Instruction for the data below: set down exactly the lines from the line with "Swimsuit for Women" to the line with "Howard Wolf Womens", inclusive, and no others.

---- Records shown

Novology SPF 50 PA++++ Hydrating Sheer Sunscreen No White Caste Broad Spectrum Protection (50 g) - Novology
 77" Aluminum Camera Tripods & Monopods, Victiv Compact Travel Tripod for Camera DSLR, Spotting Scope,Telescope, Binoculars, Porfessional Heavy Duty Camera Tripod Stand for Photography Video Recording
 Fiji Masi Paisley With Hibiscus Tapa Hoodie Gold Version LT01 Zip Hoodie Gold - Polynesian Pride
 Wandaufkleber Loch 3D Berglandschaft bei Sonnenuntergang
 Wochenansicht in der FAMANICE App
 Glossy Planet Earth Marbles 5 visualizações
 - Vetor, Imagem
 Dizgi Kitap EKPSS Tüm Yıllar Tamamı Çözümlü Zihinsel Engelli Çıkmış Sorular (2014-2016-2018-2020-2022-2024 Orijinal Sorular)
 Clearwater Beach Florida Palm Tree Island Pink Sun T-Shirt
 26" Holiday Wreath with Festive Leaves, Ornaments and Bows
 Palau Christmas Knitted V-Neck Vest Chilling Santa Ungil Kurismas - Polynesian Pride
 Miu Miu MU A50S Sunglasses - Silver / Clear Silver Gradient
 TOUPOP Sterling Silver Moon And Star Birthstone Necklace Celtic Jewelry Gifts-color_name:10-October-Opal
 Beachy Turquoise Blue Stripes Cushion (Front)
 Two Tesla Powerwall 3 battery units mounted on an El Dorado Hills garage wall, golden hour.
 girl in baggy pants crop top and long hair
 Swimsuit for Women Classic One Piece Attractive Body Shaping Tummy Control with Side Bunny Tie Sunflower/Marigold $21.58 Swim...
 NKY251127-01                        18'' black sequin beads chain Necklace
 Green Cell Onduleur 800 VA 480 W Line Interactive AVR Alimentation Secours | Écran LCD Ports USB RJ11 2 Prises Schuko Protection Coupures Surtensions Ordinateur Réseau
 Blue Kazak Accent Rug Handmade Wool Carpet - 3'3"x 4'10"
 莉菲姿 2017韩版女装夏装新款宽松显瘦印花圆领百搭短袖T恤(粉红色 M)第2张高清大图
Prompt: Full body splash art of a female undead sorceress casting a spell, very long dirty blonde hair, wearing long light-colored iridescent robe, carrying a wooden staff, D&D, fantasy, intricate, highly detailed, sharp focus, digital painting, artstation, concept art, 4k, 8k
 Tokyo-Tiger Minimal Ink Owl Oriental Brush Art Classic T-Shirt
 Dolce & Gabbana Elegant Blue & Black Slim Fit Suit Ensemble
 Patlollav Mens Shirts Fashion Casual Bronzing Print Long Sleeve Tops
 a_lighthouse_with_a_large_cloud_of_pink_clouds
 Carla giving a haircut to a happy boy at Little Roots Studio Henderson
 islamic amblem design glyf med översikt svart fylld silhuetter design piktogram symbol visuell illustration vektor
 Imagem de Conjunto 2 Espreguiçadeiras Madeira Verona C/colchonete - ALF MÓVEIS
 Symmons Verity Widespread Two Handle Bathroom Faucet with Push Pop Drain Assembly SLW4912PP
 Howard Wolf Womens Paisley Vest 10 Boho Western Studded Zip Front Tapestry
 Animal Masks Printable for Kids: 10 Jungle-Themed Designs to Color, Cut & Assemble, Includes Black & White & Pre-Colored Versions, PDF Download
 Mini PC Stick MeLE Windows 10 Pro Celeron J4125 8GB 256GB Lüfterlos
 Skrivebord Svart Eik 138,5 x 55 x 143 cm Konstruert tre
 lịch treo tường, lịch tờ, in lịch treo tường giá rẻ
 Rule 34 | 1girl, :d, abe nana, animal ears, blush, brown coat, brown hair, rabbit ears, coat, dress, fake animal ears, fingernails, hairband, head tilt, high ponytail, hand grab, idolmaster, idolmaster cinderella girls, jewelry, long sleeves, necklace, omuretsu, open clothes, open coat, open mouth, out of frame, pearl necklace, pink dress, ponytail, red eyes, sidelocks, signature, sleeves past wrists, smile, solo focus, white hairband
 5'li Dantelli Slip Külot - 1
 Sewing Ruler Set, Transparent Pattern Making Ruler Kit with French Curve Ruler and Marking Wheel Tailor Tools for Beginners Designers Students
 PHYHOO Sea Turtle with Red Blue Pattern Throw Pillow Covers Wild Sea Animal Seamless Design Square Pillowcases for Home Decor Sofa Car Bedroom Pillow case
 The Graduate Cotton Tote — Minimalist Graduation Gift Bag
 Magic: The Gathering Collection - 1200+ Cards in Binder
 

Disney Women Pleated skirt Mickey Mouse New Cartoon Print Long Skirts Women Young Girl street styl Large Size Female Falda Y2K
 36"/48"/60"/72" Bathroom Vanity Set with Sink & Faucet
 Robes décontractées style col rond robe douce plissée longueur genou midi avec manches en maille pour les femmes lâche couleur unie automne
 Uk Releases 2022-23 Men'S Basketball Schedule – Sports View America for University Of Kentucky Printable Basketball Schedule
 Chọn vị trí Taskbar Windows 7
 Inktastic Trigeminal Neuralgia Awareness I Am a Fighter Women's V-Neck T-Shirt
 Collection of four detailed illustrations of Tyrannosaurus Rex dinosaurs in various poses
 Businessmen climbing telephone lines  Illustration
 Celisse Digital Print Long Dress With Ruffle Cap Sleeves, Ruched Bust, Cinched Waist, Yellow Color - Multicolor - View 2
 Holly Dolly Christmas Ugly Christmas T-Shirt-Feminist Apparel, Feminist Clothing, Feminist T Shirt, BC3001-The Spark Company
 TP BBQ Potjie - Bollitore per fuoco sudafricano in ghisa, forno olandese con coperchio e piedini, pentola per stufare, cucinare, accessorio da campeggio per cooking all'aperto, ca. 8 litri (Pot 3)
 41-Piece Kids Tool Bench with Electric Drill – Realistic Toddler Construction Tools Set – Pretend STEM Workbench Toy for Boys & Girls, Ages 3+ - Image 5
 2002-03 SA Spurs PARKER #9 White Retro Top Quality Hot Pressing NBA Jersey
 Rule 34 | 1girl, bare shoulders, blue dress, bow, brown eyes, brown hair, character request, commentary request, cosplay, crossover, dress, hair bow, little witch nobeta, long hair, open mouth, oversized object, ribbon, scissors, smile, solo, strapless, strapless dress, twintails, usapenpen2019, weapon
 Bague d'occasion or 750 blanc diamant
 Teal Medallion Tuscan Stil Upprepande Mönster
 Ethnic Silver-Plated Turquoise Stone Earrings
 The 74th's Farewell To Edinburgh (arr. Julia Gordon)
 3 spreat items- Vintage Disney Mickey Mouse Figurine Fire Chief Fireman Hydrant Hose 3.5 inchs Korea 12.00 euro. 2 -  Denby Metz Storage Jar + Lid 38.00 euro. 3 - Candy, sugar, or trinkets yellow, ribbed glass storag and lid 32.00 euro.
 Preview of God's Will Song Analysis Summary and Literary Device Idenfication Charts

--------

# Exercise response
 Swimsuit for Women Classic One Piece Attractive Body Shaping Tummy Control with Side Bunny Tie Sunflower/Marigold $21.58 Swim...
 NKY251127-01                        18'' black sequin beads chain Necklace
 Green Cell Onduleur 800 VA 480 W Line Interactive AVR Alimentation Secours | Écran LCD Ports USB RJ11 2 Prises Schuko Protection Coupures Surtensions Ordinateur Réseau
 Blue Kazak Accent Rug Handmade Wool Carpet - 3'3"x 4'10"
 莉菲姿 2017韩版女装夏装新款宽松显瘦印花圆领百搭短袖T恤(粉红色 M)第2张高清大图
Prompt: Full body splash art of a female undead sorceress casting a spell, very long dirty blonde hair, wearing long light-colored iridescent robe, carrying a wooden staff, D&D, fantasy, intricate, highly detailed, sharp focus, digital painting, artstation, concept art, 4k, 8k
 Tokyo-Tiger Minimal Ink Owl Oriental Brush Art Classic T-Shirt
 Dolce & Gabbana Elegant Blue & Black Slim Fit Suit Ensemble
 Patlollav Mens Shirts Fashion Casual Bronzing Print Long Sleeve Tops
 a_lighthouse_with_a_large_cloud_of_pink_clouds
 Carla giving a haircut to a happy boy at Little Roots Studio Henderson
 islamic amblem design glyf med översikt svart fylld silhuetter design piktogram symbol visuell illustration vektor
 Imagem de Conjunto 2 Espreguiçadeiras Madeira Verona C/colchonete - ALF MÓVEIS
 Symmons Verity Widespread Two Handle Bathroom Faucet with Push Pop Drain Assembly SLW4912PP
 Howard Wolf Womens Paisley Vest 10 Boho Western Studded Zip Front Tapestry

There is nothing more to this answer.